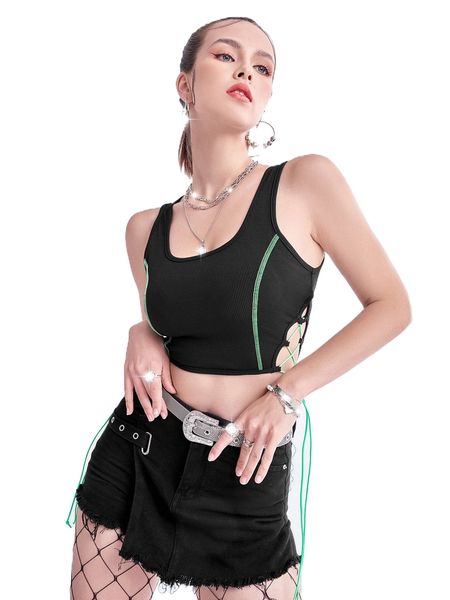 

contrast seam lace up side crop tank q09w#, White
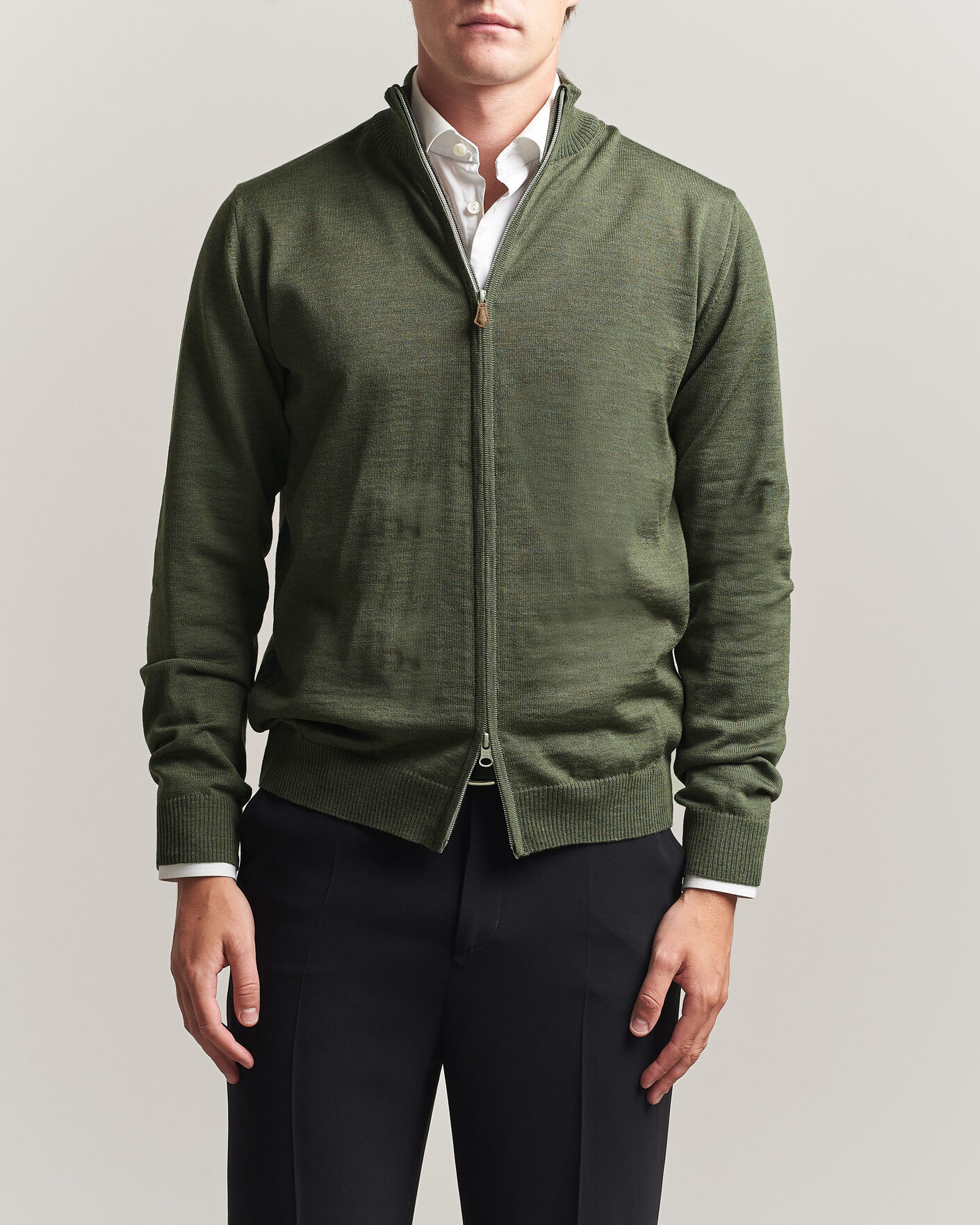 Herr | Tröjor | Stenströms | Merino Full Zip Green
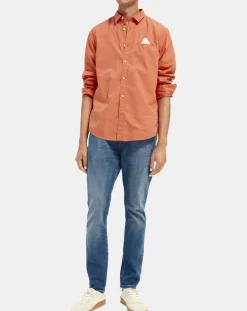 Chemise Regular Fit Pocket imprimée orange clair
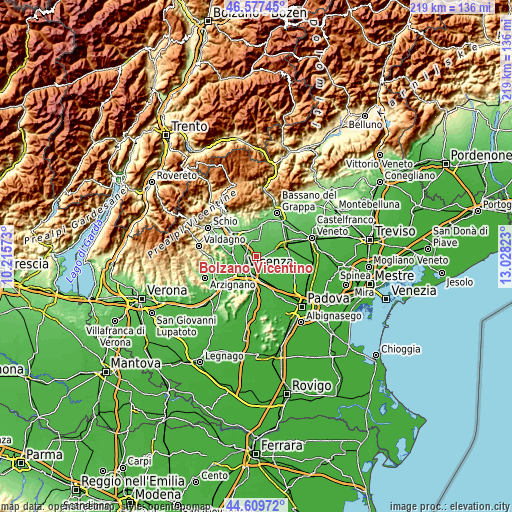 Topographic map of Bolzano Vicentino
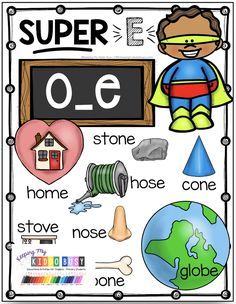 a poster with the words super o e and other things to do in front of it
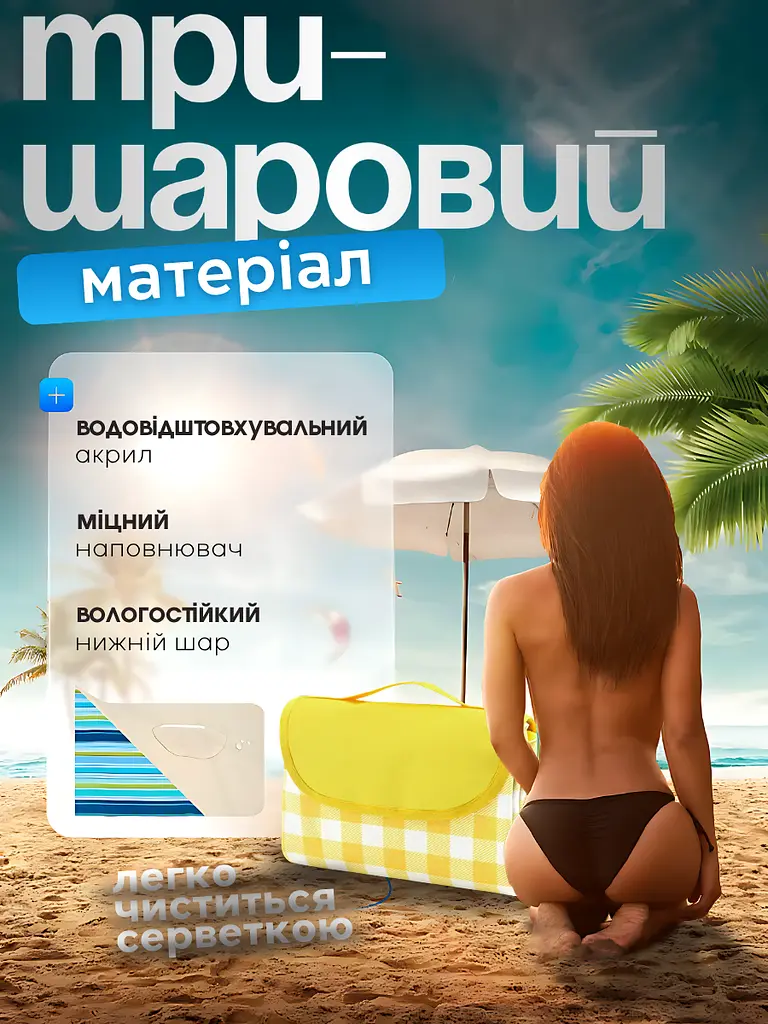 Водостійкий універсальний килимок для пляжу і пікніка, зі збільшеною підстилкою 200x200 см, Жовтий у клітинку (1659146542) - фото 6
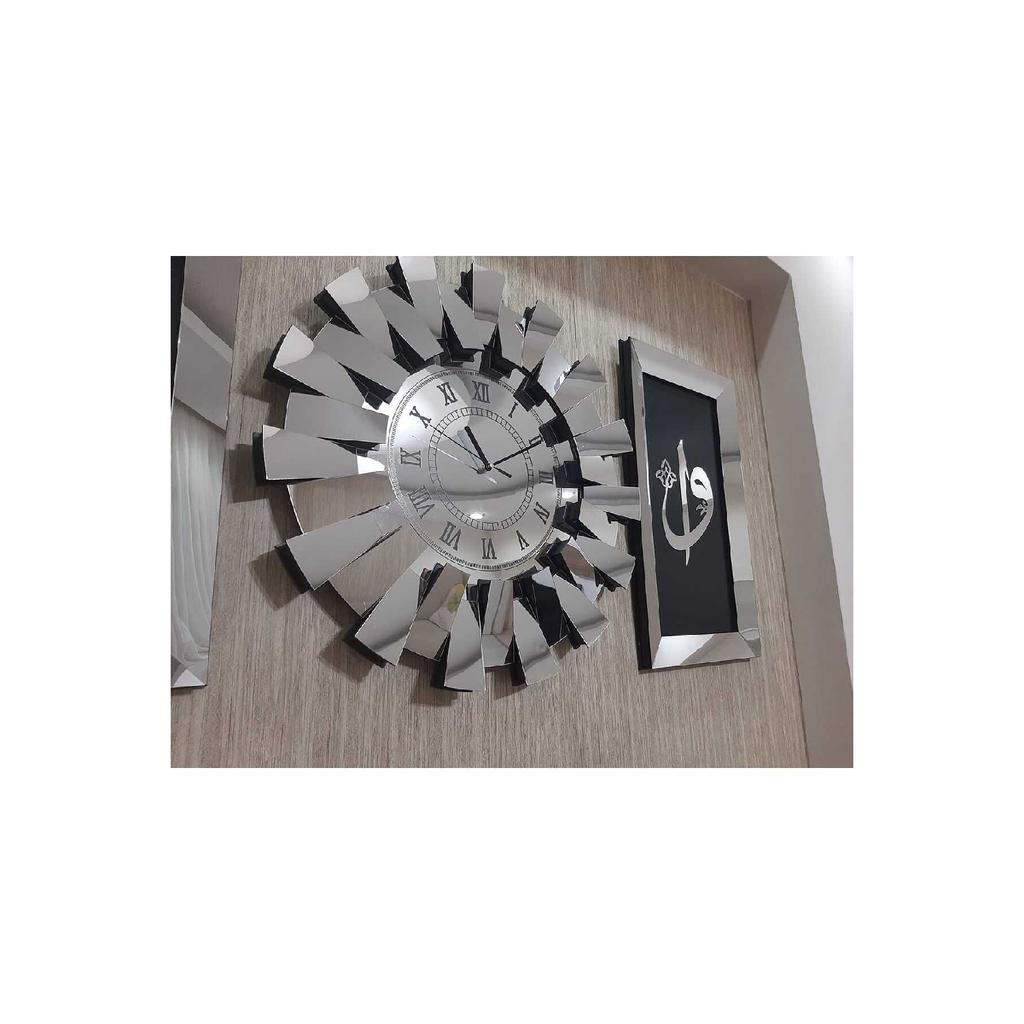 3-piece Wall Clock Roman Numeral 3d Piano Model Mirrored Plexi Silver Elif Vav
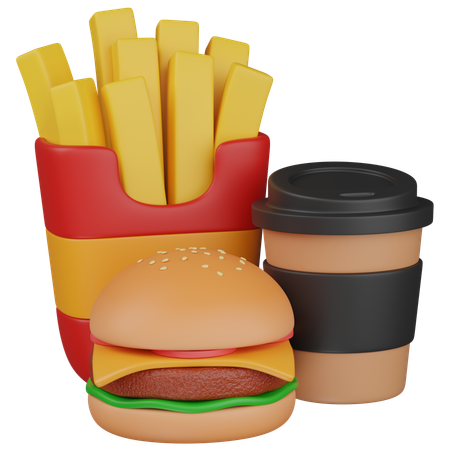 ファーストフードの注文  3D Icon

◇ ◇ ◇ ◇ ◇

TASK DESCRIPTION:
Leaving out the pictures, reproduce the whole listing above exactly.

REPLY TO THE TASK:
contrast seam lace up side crop tank q09w#, White
 Herr | Tröjor | Stenströms | Merino Full Zip Green
 Chemise Regular Fit Pocket imprimée orange clair
 Topographic map of Bolzano Vicentino
 a poster with the words super o e and other things to do in front of it
 Водостійкий універсальний килимок для пляжу і пікніка, зі збільшеною підстилкою 200x200 см, Жовтий у клітинку (1659146542) - фото 6
 3-piece Wall Clock Roman Numeral 3d Piano Model Mirrored Plexi Silver Elif Vav
 ファーストフードの注文  3D Icon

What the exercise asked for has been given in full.